WHAT NEEDS TO BE DONE: All pictures are to be skipped; retype only the lines from the top of the entries through the line with "Gucci Peggy Bamboo", both included.

Brief descriptive captions:
☆ ☆ ☆ ☆ ☆

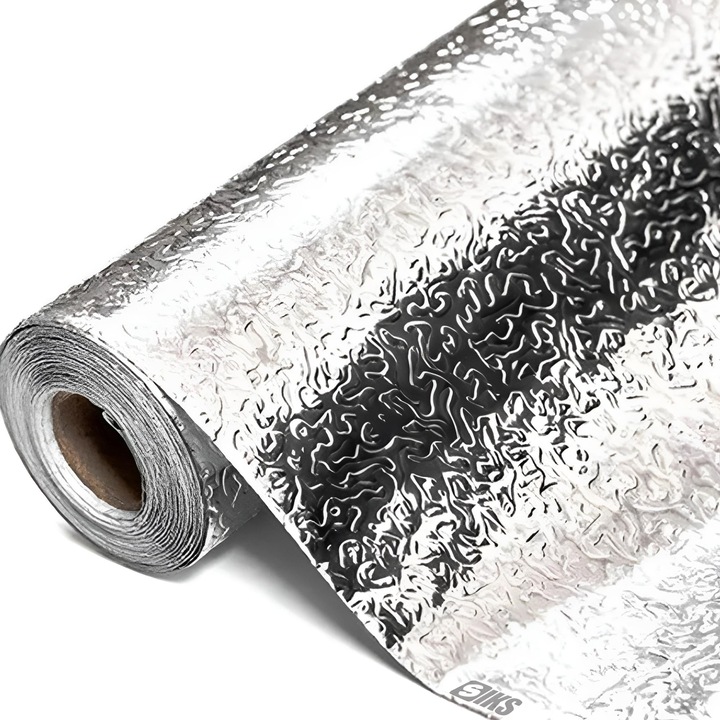 Folie Autocolanta Pentru Blat Bucatarie SIKS, PVC, 60×500 cm, Autoadeziv, Rezistent la Umiditate Si Pete, Usor de Curatat, Protectie Blat si Pereti, Argintiu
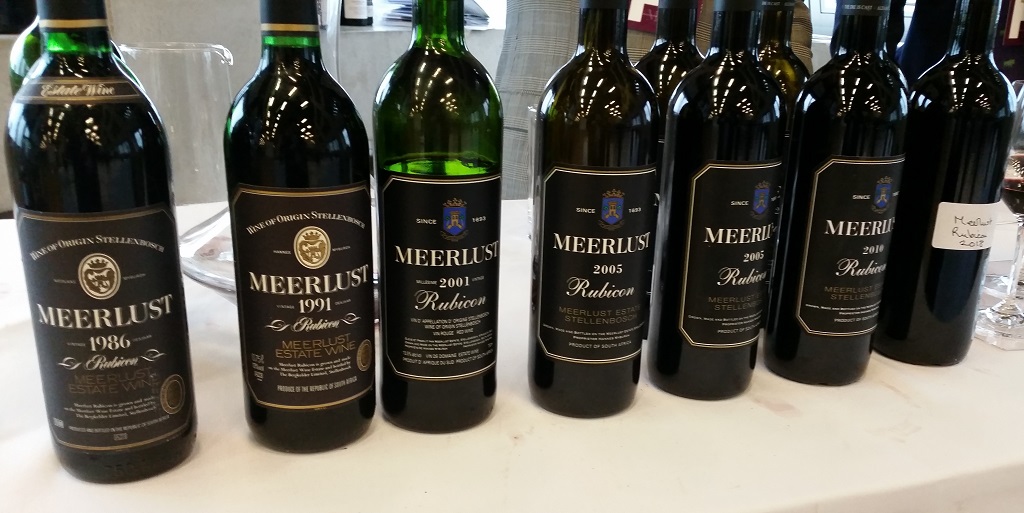 Meerlust Rubicon Masterclass Wine Tasting - Various vintage of Rubicon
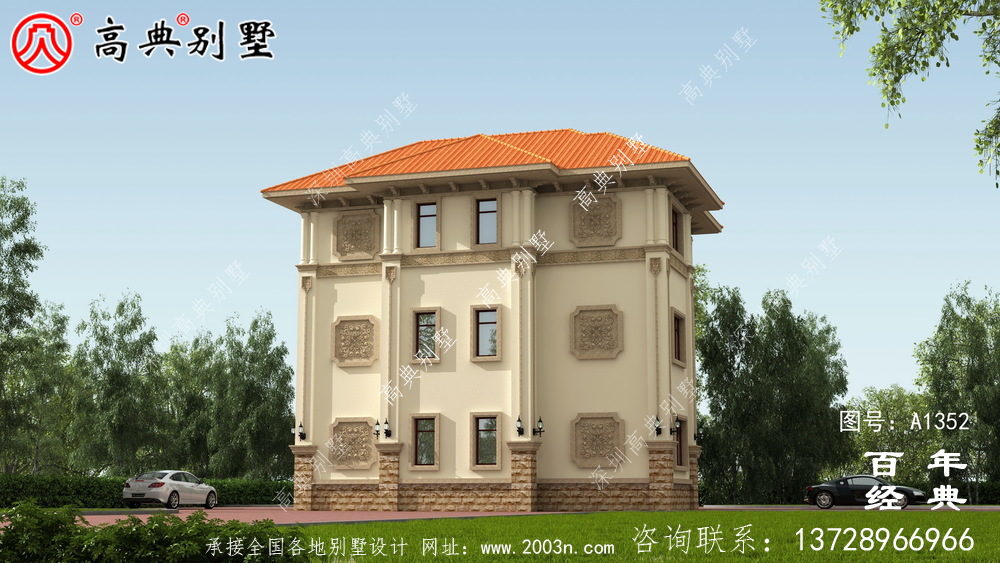 豪華私人復式三層別墅設(shè)計圖紙_農(nóng)村別墅設(shè)計圖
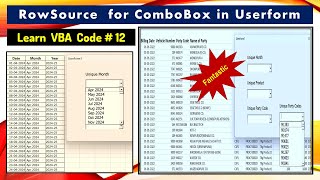 Learn VBA Code Part 12  RowSource For ComboBox in Userform [upl. by Knute720]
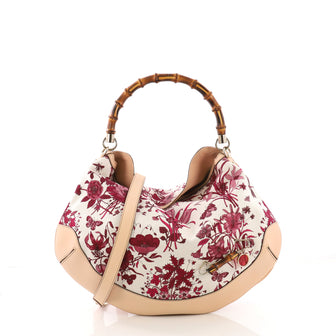 Gucci Peggy Bamboo Handle Hobo Flora Canvas Neutral 381771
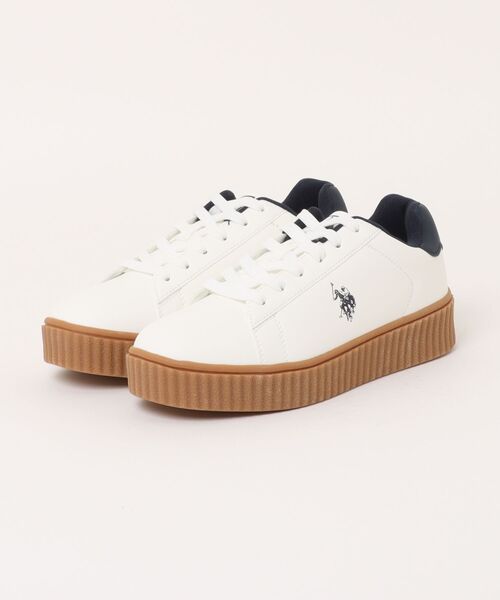 U.S. POLO ASSN.(ユーエスポロアッスン)の「【U.S. POLO ASSN./ユーエスポロアッスン】【上質なPUレザーの高級感】厚底ボリュームソール ワンポイント ローカットスニーカー(スニーカー・メンズ・ブラック/ホワイト/ネイビー・25cm/25.5cm/26cm/26.5cm/27cm)」の3枚目の写真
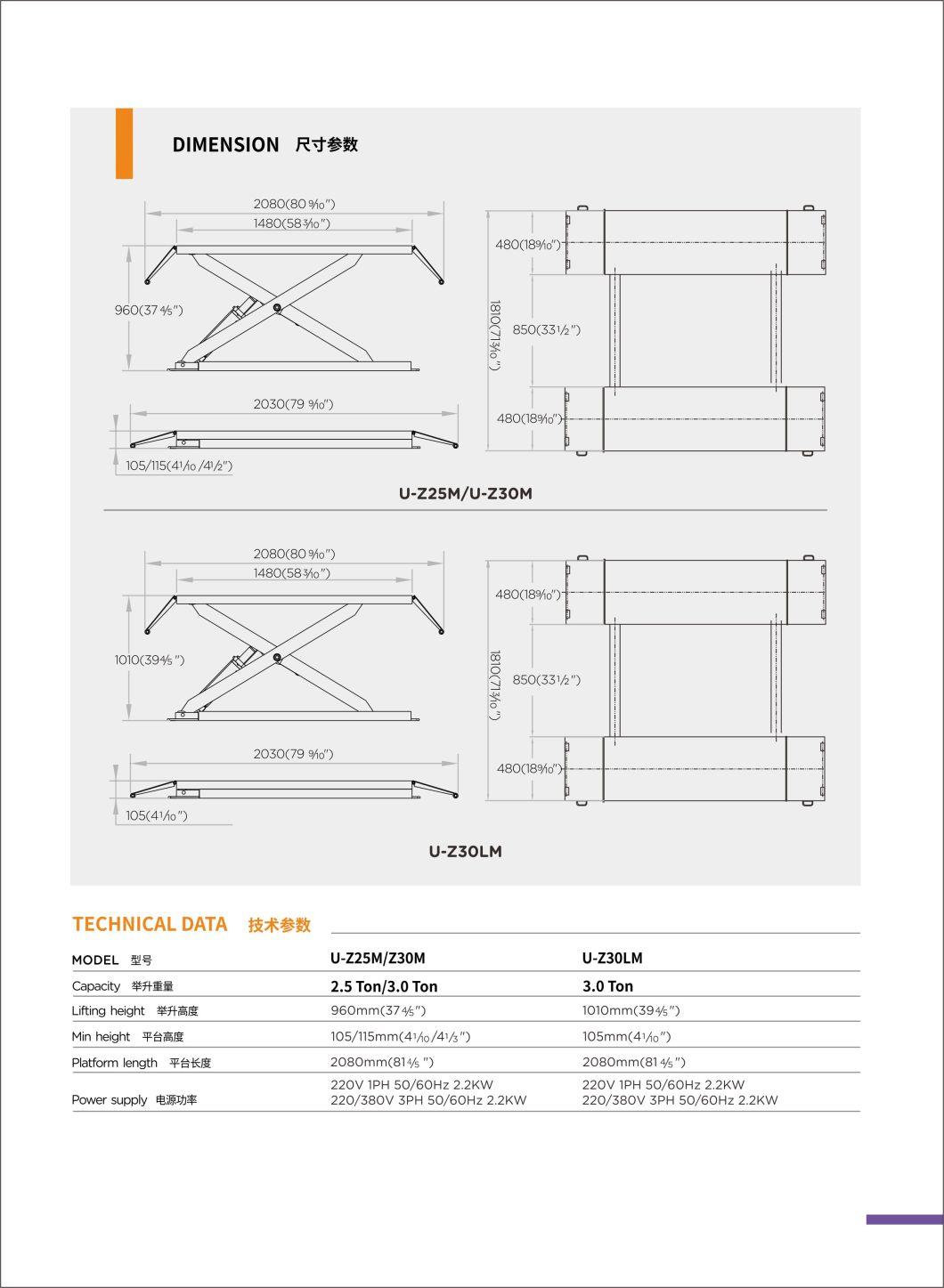 2.5 Ton Capacity Hydraulic MID Rise Vehicle Lifting Scissor Lift Automotive Maintenance U-Z25m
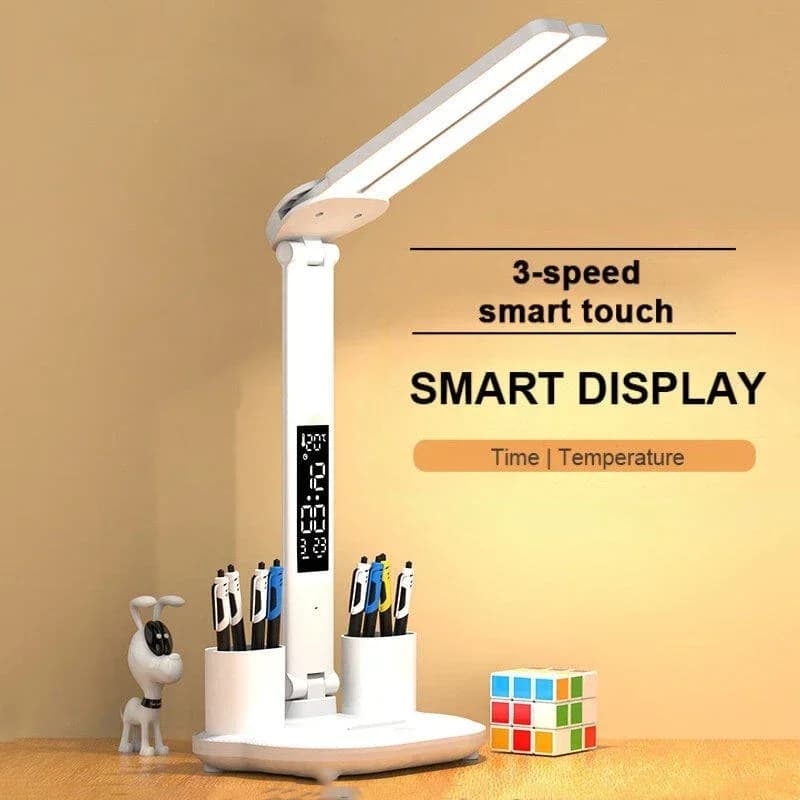 Luminária de mesa LED dobrável com visor digital, branco, para mesa, com base circular.
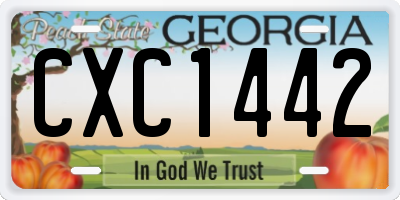 GA license plate CXC1442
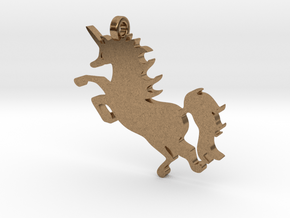 Unicorn Pendant in Natural Brass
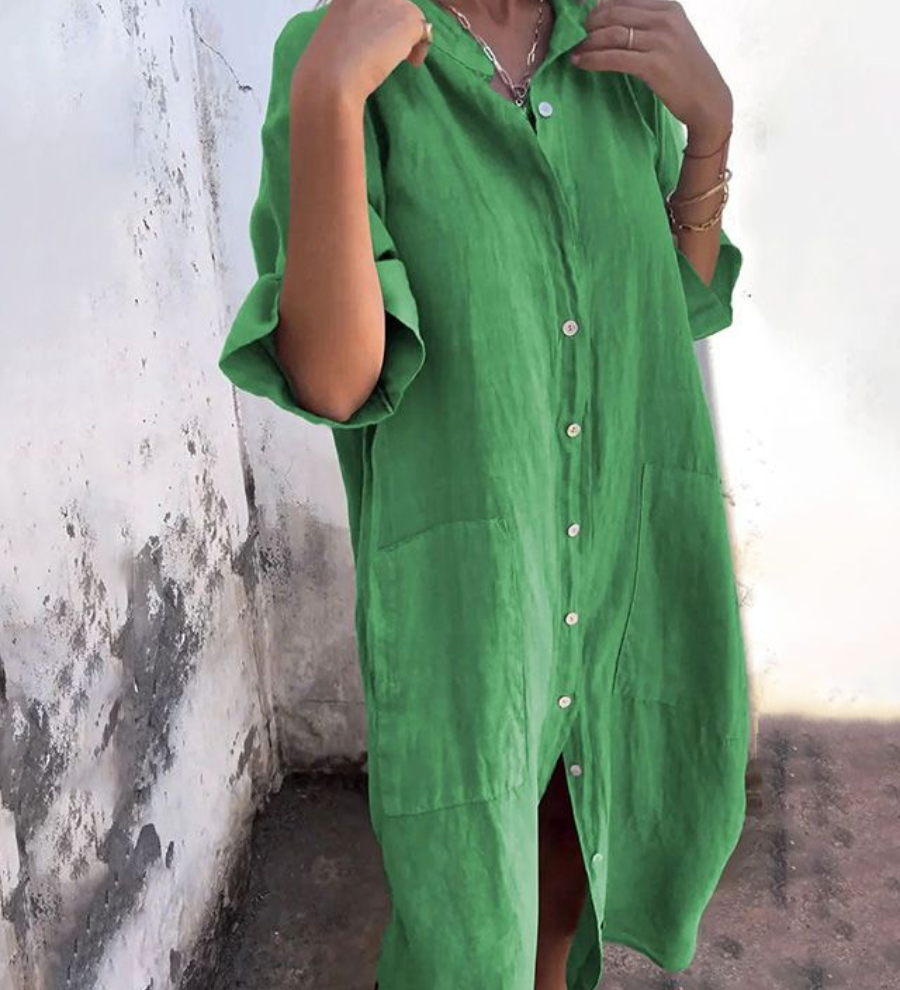 MELANIE™ – AFSLAPPET IBIZA-SKJORTEKJOLE I ANKELLÆNGDE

☆ ☆ ☆ ☆ ☆

RESPONSE:
 Folie Autocolanta Pentru Blat Bucatarie SIKS, PVC, 60×500 cm, Autoadeziv, Rezistent la Umiditate Si Pete, Usor de Curatat, Protectie Blat si Pereti, Argintiu
 Meerlust Rubicon Masterclass Wine Tasting - Various vintage of Rubicon
 豪華私人復式三層別墅設(shè)計圖紙_農(nóng)村別墅設(shè)計圖
 Learn VBA Code Part 12  RowSource For ComboBox in Userform [upl. by Knute720]
 Gucci Peggy Bamboo Handle Hobo Flora Canvas Neutral 381771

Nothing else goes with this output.